The structured method MACBETH [17] was applied with the aim of providing a ranking of evaluation criteria. Three focus groups have been organized with the participation of real stakeholders, including: representatives of the builders’ associations, developers, designers, representatives of administrations’ offices and academic experts (energy and economic evaluations). The M-MACBETH software facilitated the application of the method.

According to the MACBETH method, a series of questions related to the criteria under examination have been posed to the stakeholders involved. They were asked to answer according to the semantic categories described in Table 1 starting from their personal opinion and knowledge and taking into account their area of expertise. The questions were of the type:

• (1a) Looking at the criteria under examination in Table 2, rank them from most preferred to least preferred.
• (1b) According to the rank so far provided, to what extent do you prefer one criterion to another?
• Example: I strongly prefer the criterion “investments’ costs” over the criterion “running costs” and I weakly prefer “running costs” to the criterion “resilience of the energy system”.

In order to obtain an output in form of numerical ranking, we inserted the answers provided by the stakeholders in the M-MACBETH software that is able to translate the semantic categories into numerical judgments according to the MACBETH method [17]. During this phase, some judgmental hesitations and/or disagreement appeared among the stakeholders about which MACBETH category better reflected the difference of attractiveness. In such cases, a discussion within the group has been stimulated in order to reach the consensus.
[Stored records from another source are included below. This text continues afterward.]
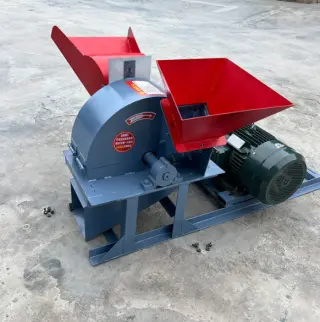 Рубительная машина BVC-420A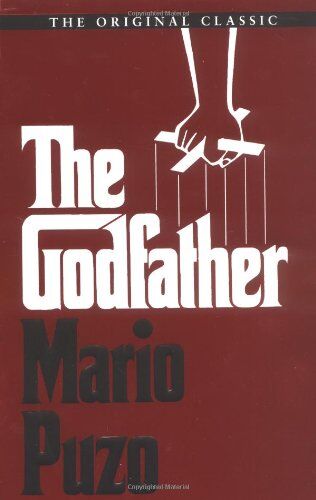 Mario Puzo - The Godfather - Preis vom 09.10.2026 07:28:09 h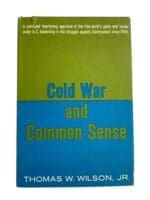 Cold War and Common Sense Reference Book
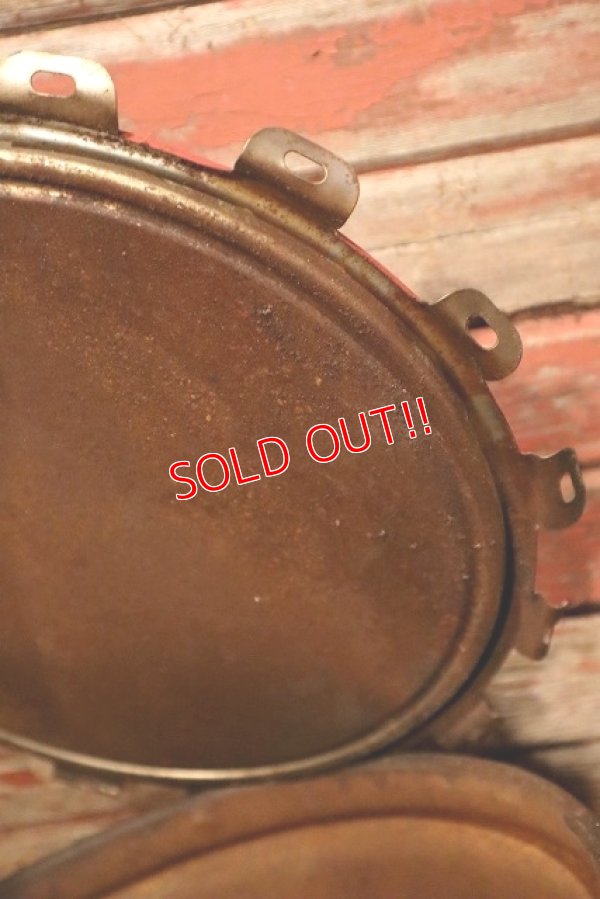 画像8: dp-230901-118 KENDALL / 1960's 25 POUNDS LUBRICANT CAN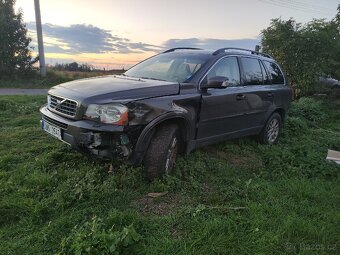Volvo XC90 2.4 d 136kw - 5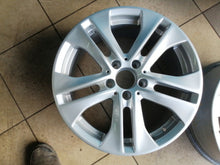 Load image into Gallery viewer, 4x Alufelge 17 Zoll 7.5" 5x112 47ET Glanz Silber A2044017502 Mercedes-Benz W204 FEL8737838150bm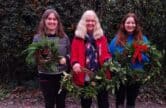 Christmas Wreath Making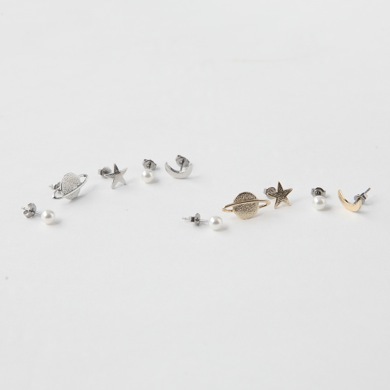 ドセイ5Pピアス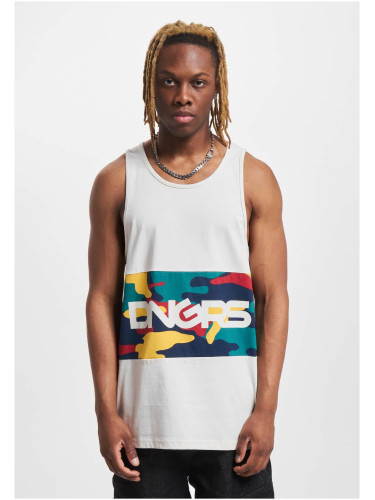 Dangerous DNGRS Tanktop HideMe beige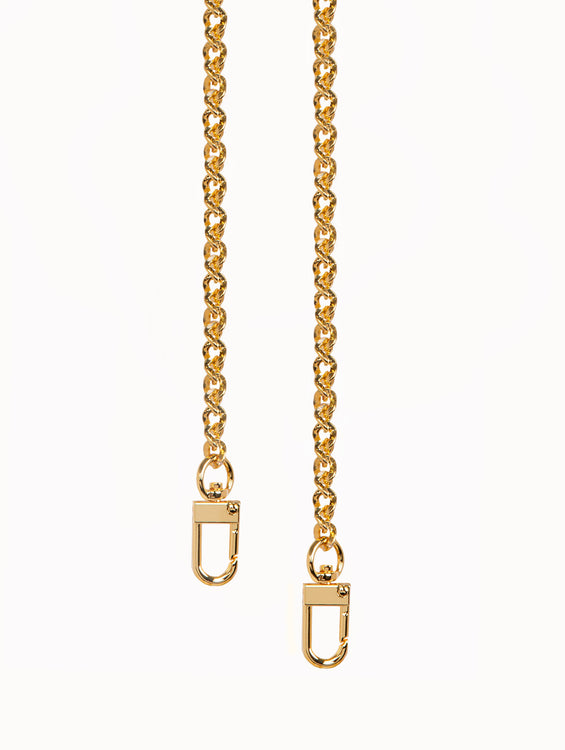 Gold Chain Strap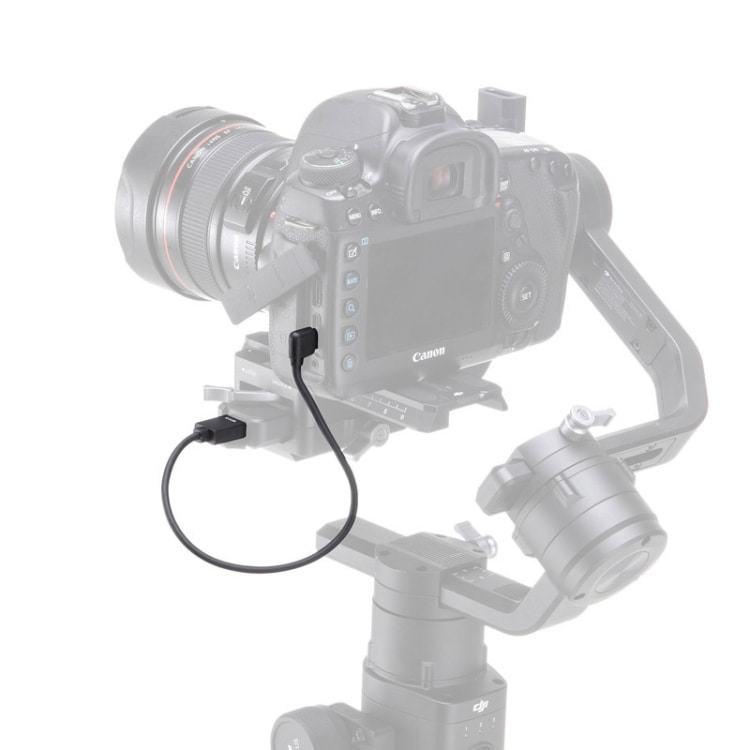 Multifunksjon Kamerakabel til DJI Ronin-S (Type-B)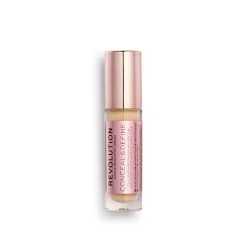 Makeup Revolution Conceal & Define Concealer C5.5 4g (0.14oz)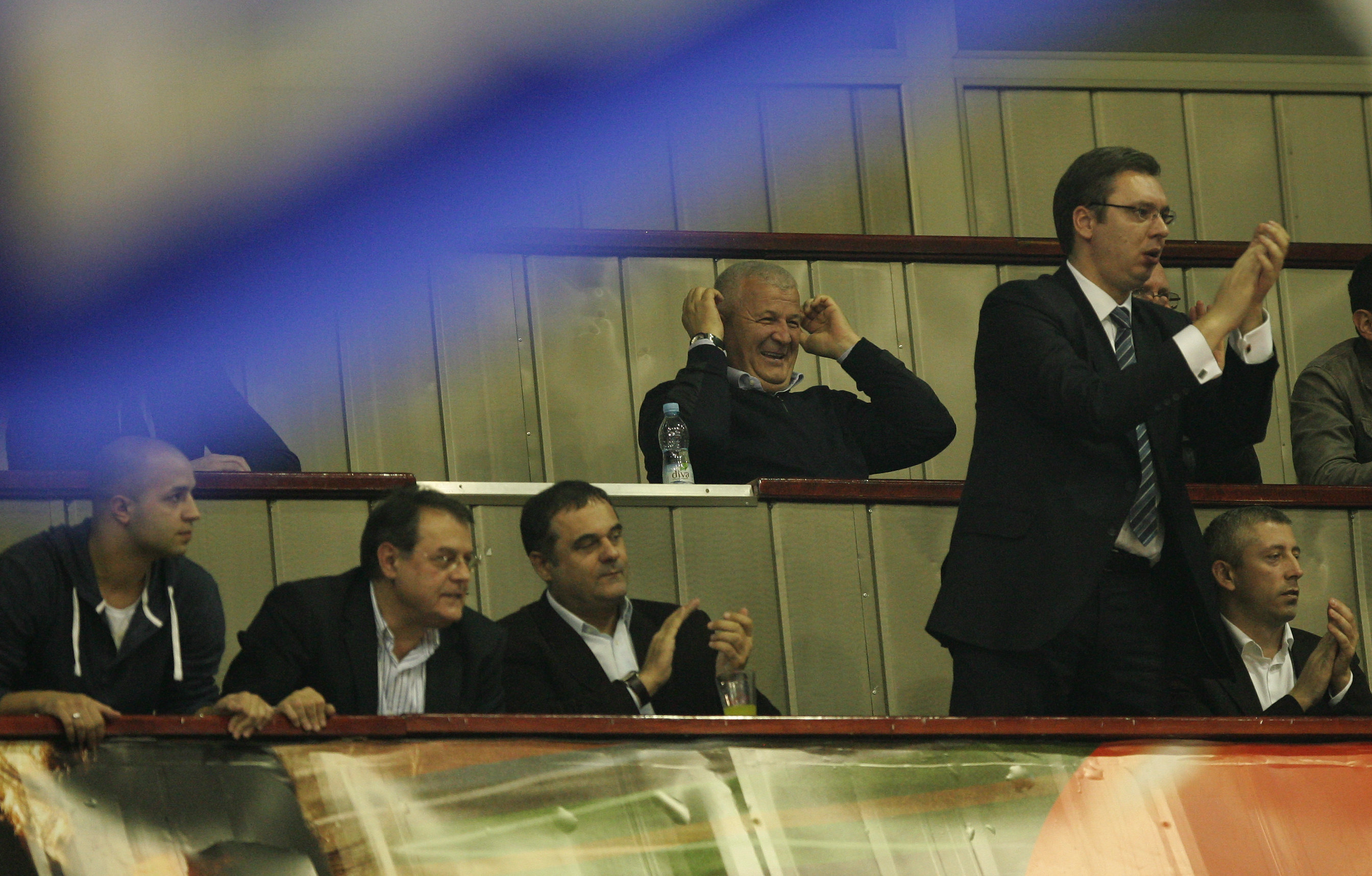 CRVENA ZVEZDA-ORLEANS-EUROCUP-SEASON 2012-2013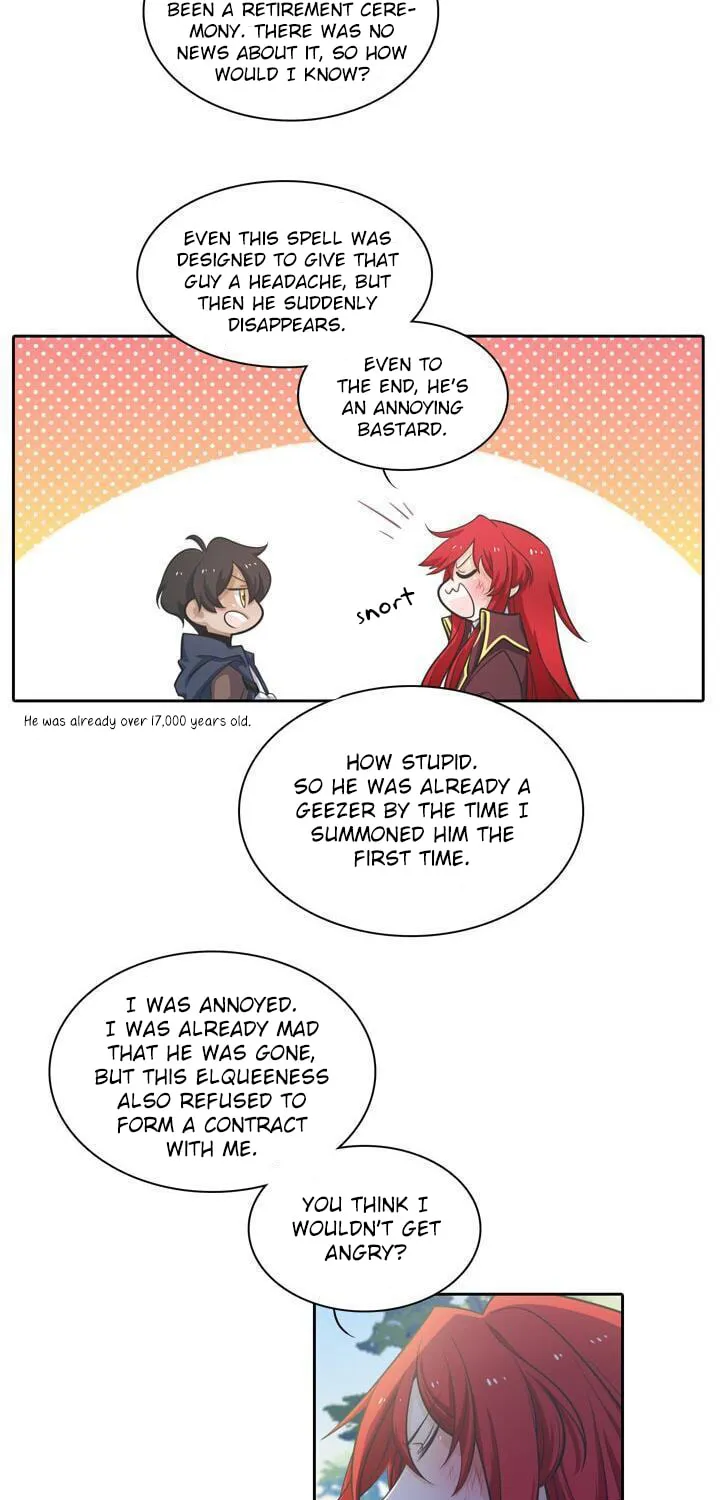 Elqueeness Chapter 35 page 22 - 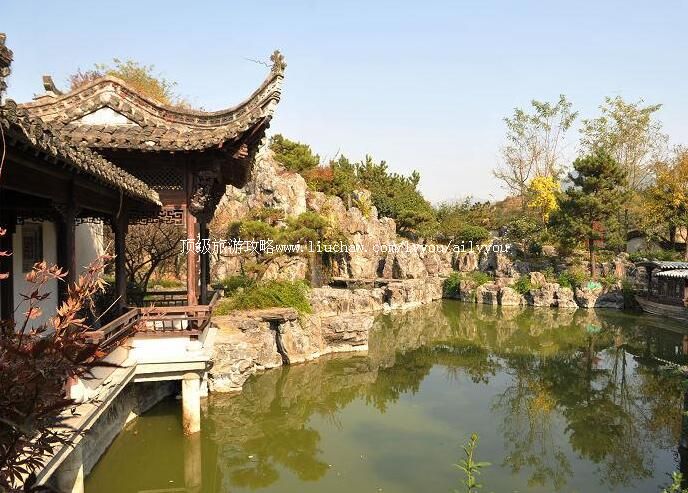 4A赛金花故居旅游攻略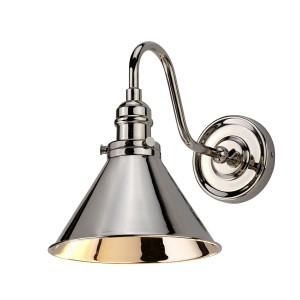 PROVENCE polished nickel PV1-PN Elstead Lighting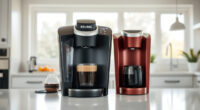 Keurig K-Elite vs Keurig K-Supreme Plus: Full Comparison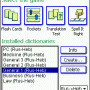 LingvoSoft FlashCards Russian <-> Hebrew for Pocket PC 1.3.20 screenshot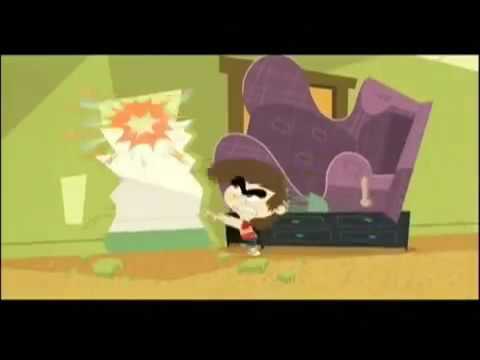 Kid vs. Kat (2x21B) - Me Coop, You Kat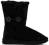 WINTER BOOTS SASZKI MUKLUKI BLACK ENGLAND 39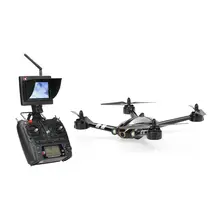 X252 5.8G FPV 6 Axis Gyro Brushless Motor RC Drone With 720P 140 Degree Wide-Angle HD Camera X7 Transmitter Quadcopter RTF BNF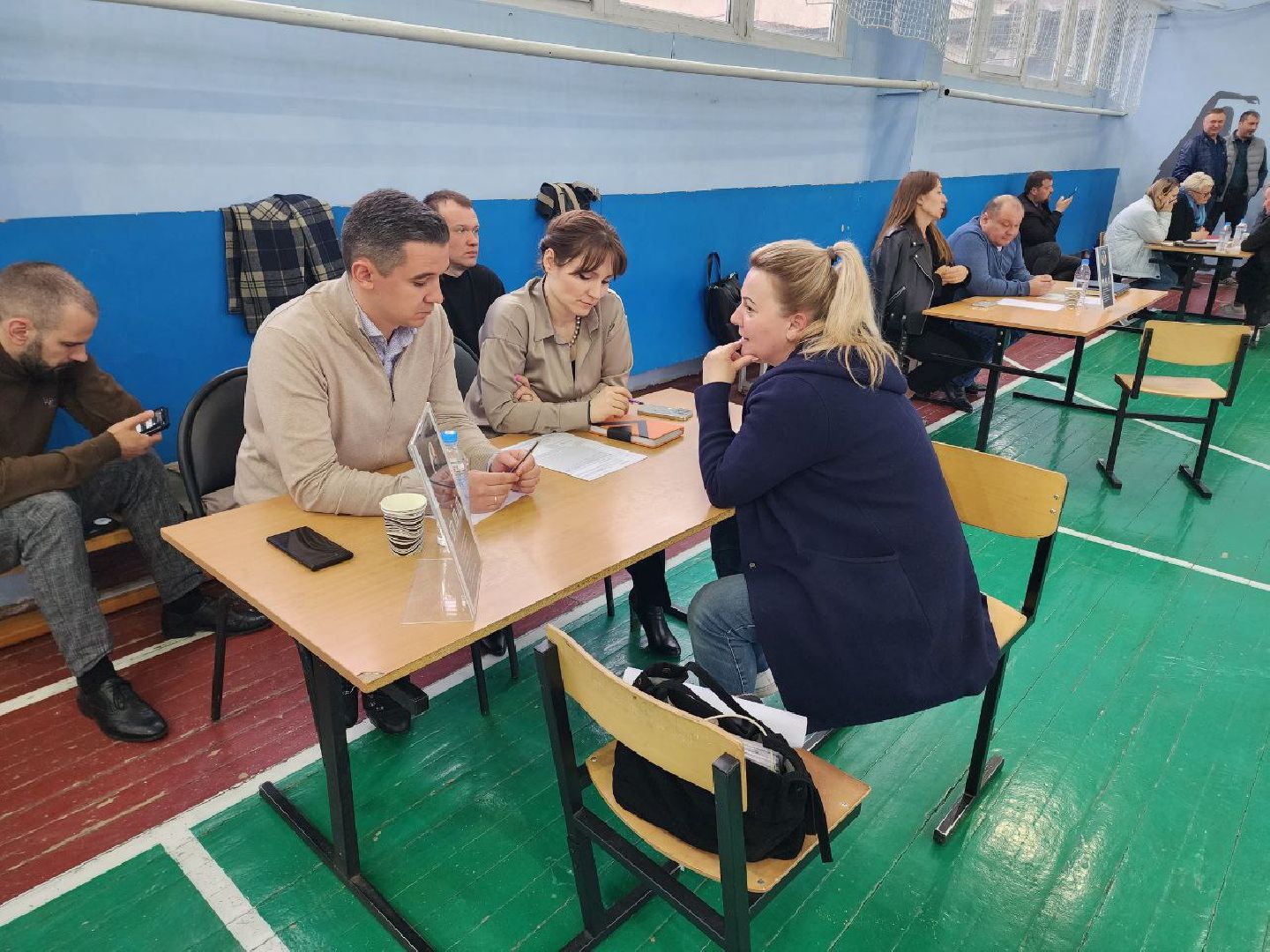 Солнечногорск, выездная администрация, вопросы жителей, решение проблем, ответы,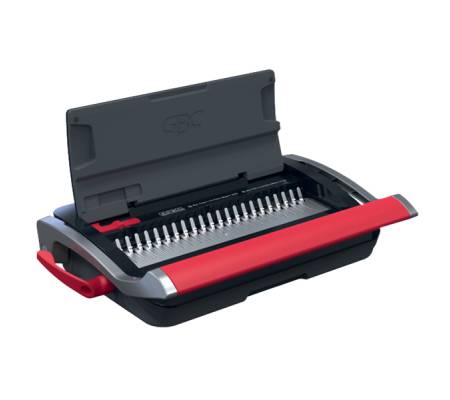 Rilegatrice CombBind CB15 - manuale - GBC - 4410061 - 5028252644464 - DMwebShop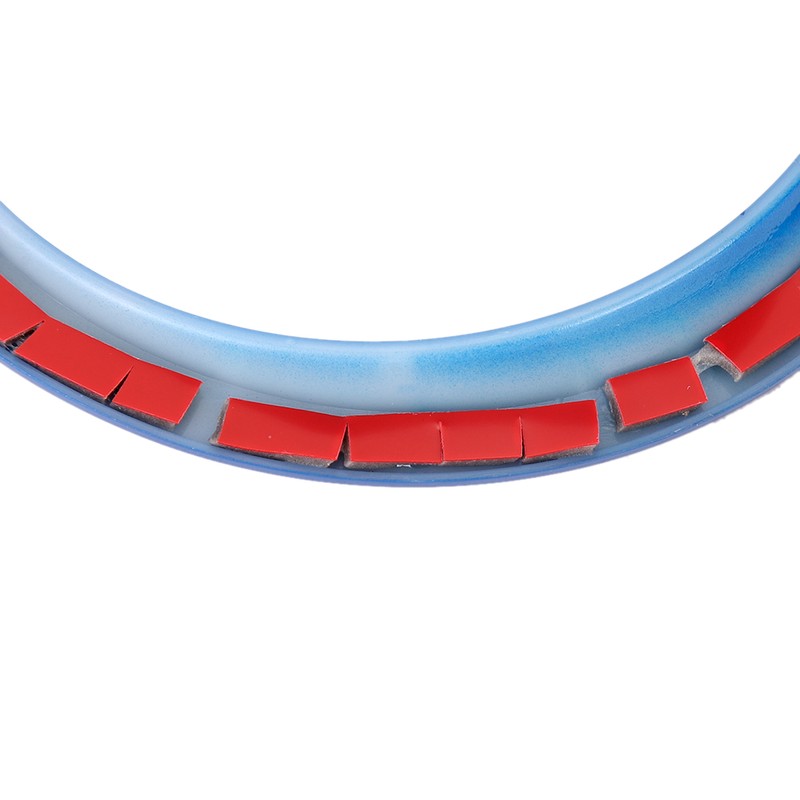 Pair of Exterior Turn Signal Light Ring Trim Fits for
The overall criteria ranking resulting from the MACBETH applications during the focus groups are presented in

Table 3. Final ranking of the considered criteria.

Criteria Ranking	Scores (%)
Investment costs	30
Payback period (PBP)	27
Reduction of the energy requirement	23
Reduction of the CO2 emissions	18
Resilience of the energy system.	2

.

During the focus groups, the business operators emphasized the need for an economic viability of the investment, while the representatives of the public authorities advocate a reduction of the CO₂ emissions. However, the results highlighted the higher preference given to the economic aspects compared with the environmental ones, as one can notice in Table 3 (Investments costs 30% and PBP 27%). The criterion “resilience of the energy system” was not considered important for the definition of future energy scenarios.

Additional suggestions emerging from the discussion among the stakeholders are: the demand for a more flexible and participative approach for ranking the criteria; and the need to consider additional social criteria and urban planning aspects.

3.2. The Criteria Set in the EEB Project

The EEB is a National project coordinated by ST-Microelectronics [42] and funded by the Ministry of Innovation. The project aims at exploring energy consumption patterns at the urban-scale providing a methodology for evaluating different urban energy retrofitting scenarios based on multi-criteria analysis in the context of sustainable urban planning. In the framework of the EEB project, a focus group involving real stakeholders has been established in order to test the Dashboard. As for the DIMMER project, the criteria considered in the present application have been selected on the basis of both the relevant literature review, as it is presented in

Table 4. Description of the considered criteria (EEB project).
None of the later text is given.